This lesson is being piloted (Beta version)

Generating a List of Files

Overview

Teaching: 20 min
Exercises: 10 min
Questions
  • How can I use Python to find different types of files?

Objectives
  • Import modules to add functions to a Python script

  • Use os.walk and glob.glob to generate lists of files

The First Step: Finding Files

Before Alice can manipulate groups of files with Python, she needs to direct Python to the locations of those files.

Gaining a basic understanding of file systems is an important first step in learning how to find and work with files. File systems provide a structured method for arranging data on a storage device. If you’ve ever formatted a hard drive using Disk Utility (macOS) or Disk Management (Windows), you’ve applied some form of file system to your device. That file system is what makes it possible to create files and folders on your storage device.

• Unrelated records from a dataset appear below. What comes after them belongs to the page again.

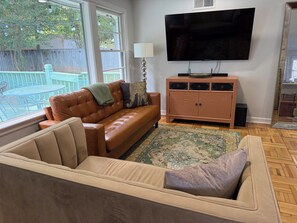 A living room with a brown leather sofa, a beige sofa, a wooden cabinet, a television, and a large window.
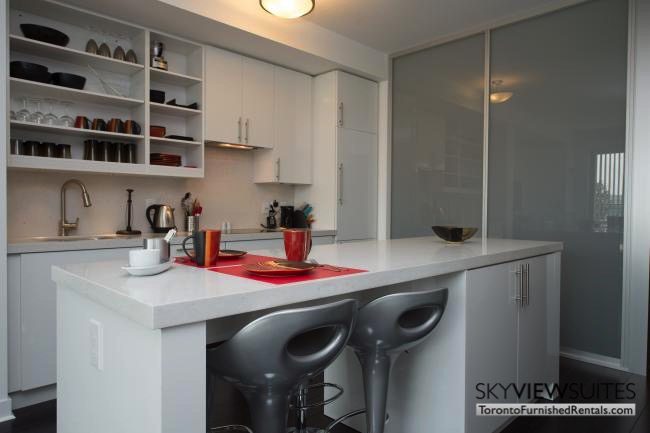 furnished apartments toronto portland kitchen and island table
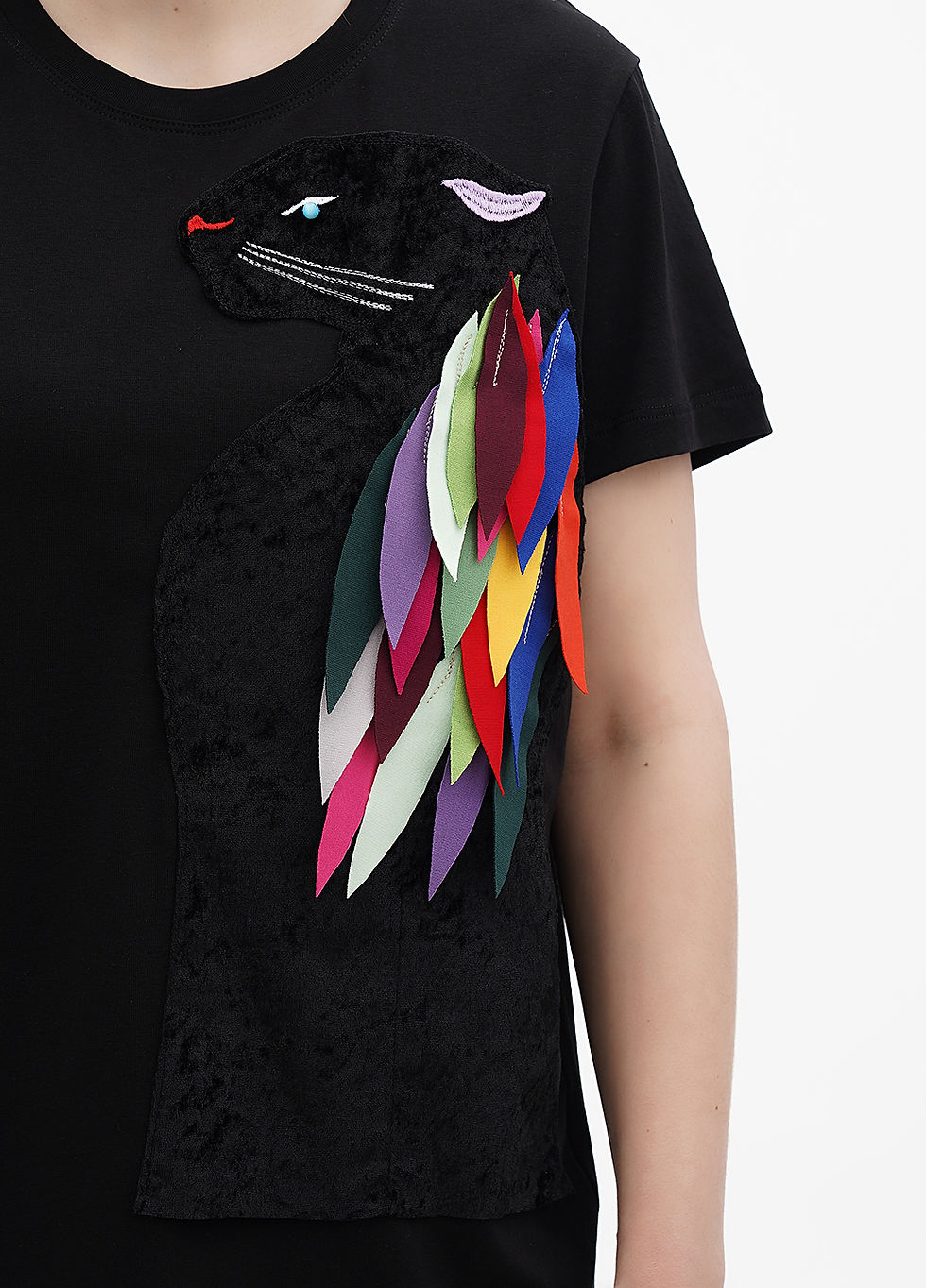 Thumbnail: Female model wearing a designer t-shirt with a vibrant graphic.
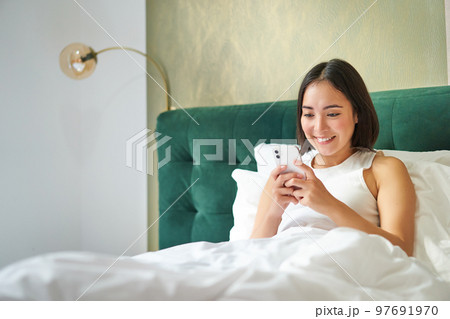 Beautiful smiling asian woman in bed, reading message on smartphone and laughing, enjoying lazy day in bedroom, using mobile phone 97691970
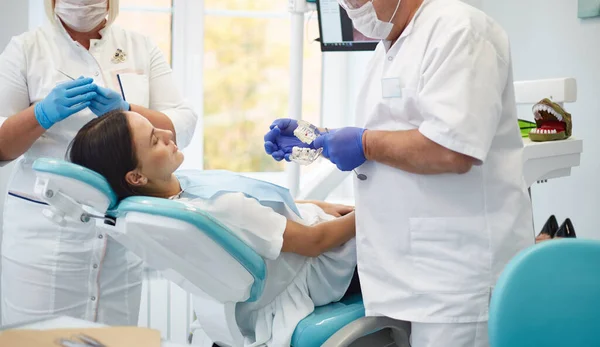 Médico dentista trata dentes de uma bela jovem paciente . — Fotografia de Stock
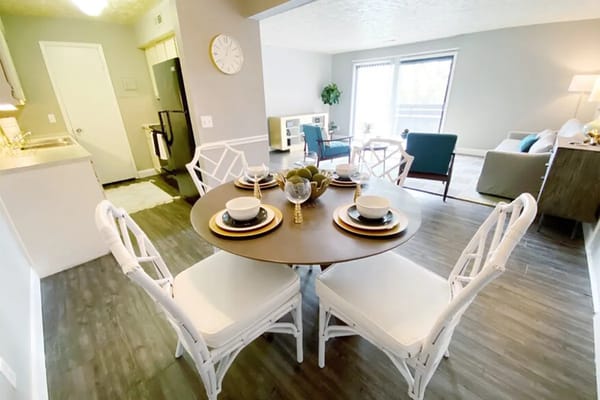 Cozy dining table set with white chairs and tableware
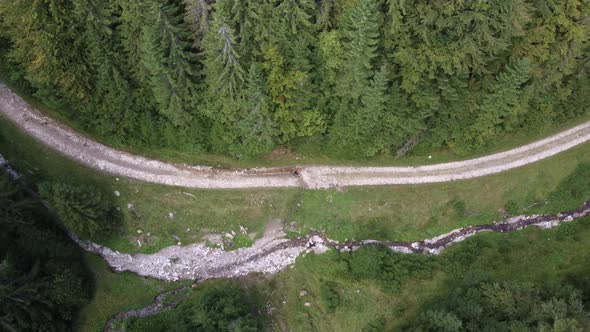 Top Down Aerial View of a Hiker Walking Across a Curved Trail Road in Summertime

File systems have different rules, regulations, and ways of behaving; in your work as AV archivists, you’ll most likely encounter a few common acronyms:

If you’ve used a program like Windows Explorer or macOS Finder, you probably have an intuitive sense of how to navigate within file systems simply by clicking or double-clicking on folders or file icons. When we use scripts, we’re using a similar logic to express the location of a particular object within the larger hierarchical system structure – the file path.

File paths are a series of text-based breadcrumbs that describe the location of a particular file or directory. There are two types of file paths:

Alice uses macOS. For her, the root directory is the slash character /. Every absolute file path will start with /.

The absolute file path to a specific file located on Alice’s desktop would look something like: /Users/alice/Desktop/pyforav/on_demand/catexhibit_0001.mov That path will always lead to that file, no matter where she’s working from (her current working directory).

Root Directories on Windows vs Mac/Linux

On Windows, there isn’t a root directory for the entire machine. File systems are rooted on the storage volume that they use. For example, A:\ has traditionally referred to the root directory of a floppy drive. And C:\ generally refers to the root directory that contains user files, programs, and Windows itself.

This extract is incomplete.